# Fitting In in College



## Evergreen (Feb 15, 2012)

Hey, I'm a freshman in college and I'm having a really hard time fitting in. People generally like me, a lot of random people come up to me telling me they think I look cool or pretty (I dress kinda artsy and out-there) but it's hard for me to actually become friends with anybody. People tell me all the time that I look like I'm always happy and ask me if I ever get upset, but they have no idea that I call my parents and friends from home crying a few times a week because I feel so socially isolated. And even when I am around other people, I still usually feel alone. I feel disconnected from most people here, like nobody here understands me. A big part of this is also because I don't party or drink. I think another part of it is that in middle school and high school I had a lot of issues I was dealing with outside of school while working really hard to get good grades and I had a few close friends and that was all I really needed, so I feel like I never really developed socially because it was never something that mattered much to me. I'm afraid to initiate conversations with other people sometimes and I feel totally clueless as to how to make friends or what to say or do. I always thought things would fall into place naturally for me, and they seem like they are falling into place for everyone around me, but just not me even though I feel like I'm trying so hard. I'm part of lots of clubs which is good for meeting people, but I'm unable to really become friends with any of them, or the people I do meet and who do express an interest in befriending me usually annoy me for some reason and I don't even know why, because usually they're very nice people. It's just, I feel like everyone around me is artificial and fake, and like I'm the only one who's real.


----------



## aanner (Jun 20, 2011)

hello! sorry I'm on my iPod so I can't remember everything you wrote, but I thought id relate. I'm a freshman in college too, and basically friendless. I know 1 person but that's it. Im not a partier or a drinker either, I think it's dumb and pretty pointless. I do feel disconnected from people and annoyed. It's like, if they try to befriend me, 75% of the time im just like, okay what's wrong with them?? why are they being so nice to ME?? I distance myself from any potential friend because I don't know.... I just feel they're weird when they're most likely a perfectly normal, awesome person. I just can't connect a lot of times and it sucks because I want to. I really do. 

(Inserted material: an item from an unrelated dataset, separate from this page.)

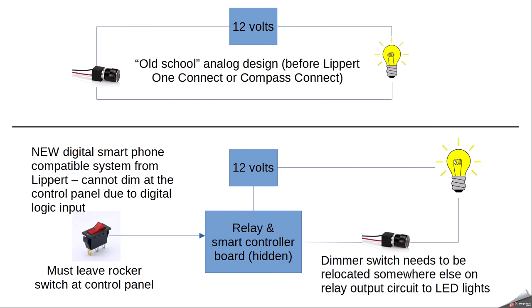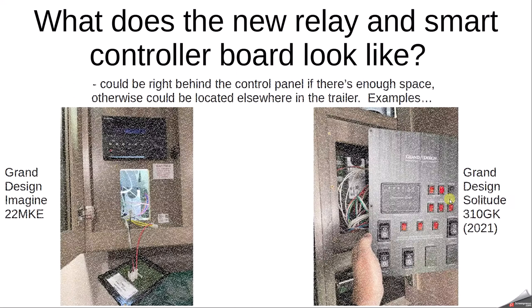Starting around 2020–2021, they began installing the Lippert system. Instead of 12 volts going directly from the rocker switch to your LEDs, it now goes to a hidden smart controller board with relays that sends power into the circuit to light the LEDs. So in the new system, you need to put the dimmer switch after the outputs of this relay board. I don't want to go into too much detail because you can cause damage — it's not as simple a mod as it once was.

I feel like a lot of people are fake too, and I'm the only real, raw, honest, logical person in the room. Everyone else just wants to party, gossip, be fake nice to eachother, and I don't get it. Why can't you just be yourself and real? Blehh


----------



## nycdude (Mar 20, 2010)

Man, i'm so nervous. I start my 2nd year of college next friday. Haven't been to school since last summer.


----------



## diversus (Feb 18, 2012)

Hey, you are pretty much the opposite gender version of me.
I'm a freshman in college, I've been told I'm good looking, but when I go to parties It's always the guys who look like they're desperate for a go get the girls, who are also desperate. I'm intelligent, and funny, and people do try to make me go out sometimes. I do clubs and stuff too, but I just don't feel like I fit in with most of the "college" scene. The guys are all "bros", and they just rate all the girls and talk about getting wasted. The girls are insane towards one-another, it's like high school all over again. They seem to have the low self-esteem, so to feel better they try to make themselves look better or more desirable. I think in the end, no matter how different we feel, we're pretty much the same; the in-crowd is worried about staying accepted, and they feel a bit more relaxed to have a crowd. Those of us that feel isolated are afraid that we're not accepted. We all fear the same thing. People don't really reject "you", they just do whatever they can to make sure others don't reject them, even it if means being snooty.
Everybody sees the world differently. If you grabbed your two best friends, I'd bet good money that if you spend a day in their heads, they would each see you differently, because you are a different "character" in everybody's "movie" of life. To some you are the roommate, to others, the person in the hall they occasionally see. To some guy/girl, we may the person they really wish they could talk to but are too shy, so they give up or feel down and come off as snooty, but we have to accept that sometimes we make up what others' think. There's nothing wrong with you, absolutely not! Just relax. Look up the book "The four agreements". It's very cheap, relatively short, and incredibly written. My sister recommended it to me, and it's perfect. It changed a lot of things, the way I see MY world.


----------



## Kissadilla (Feb 12, 2012)

I feel the very same way.  I feel totally isolated and everyone my age seems so artificial and self absorbed. I would say find your passions in life and stick with em. Feeling productive like that definitely helps! 

Diversus, that definitely is a must read. So simple, but so empowering.


----------



## InMyDreams55 (Apr 1, 2011)

Add me to the list! I'm having trouble "fitting in" as well. You'd think the awkwardness of "fitting in" would die after high school. But no....it lives on. :roll

I just started my first semester at a completely new school. I don't smoke(weed or cigs) or drink either, so it's gonna be hard finding my niche. Making new friends is hard. But i am optimistic that it will get better...


----------



## Ashley2157 (Mar 4, 2012)

Hey you're definitely not alone. I'm in my senior year of college and I honestly don't have any people I'd truly consider friends upon leaving. I live with my best friend, but I've known her since 5th grade. She's the primary reason I'm not dying of loneliness. I don't have any awesome advice on how to make friends, I just wanted to let you know you aren't alone. Sometimes that really makes a difference. It sounds to me like you are trying pretty hard to fix your problem, and you have plenty of time to do so still. Best of luck ;-), I'm sure things will get better with time and determination


----------



## PulchritudinousDemise (Dec 7, 2011)

This sounds just like me. I find it difficult to fit in especially because I commute everyday & I live w/ a strict dad so I cant even party if I wanted to. But luckily (or sadly) I'm becoming accustomed to enjoying my own company & entertaining myself and I just keep hope that ill get enough money to stay on campus one day.


----------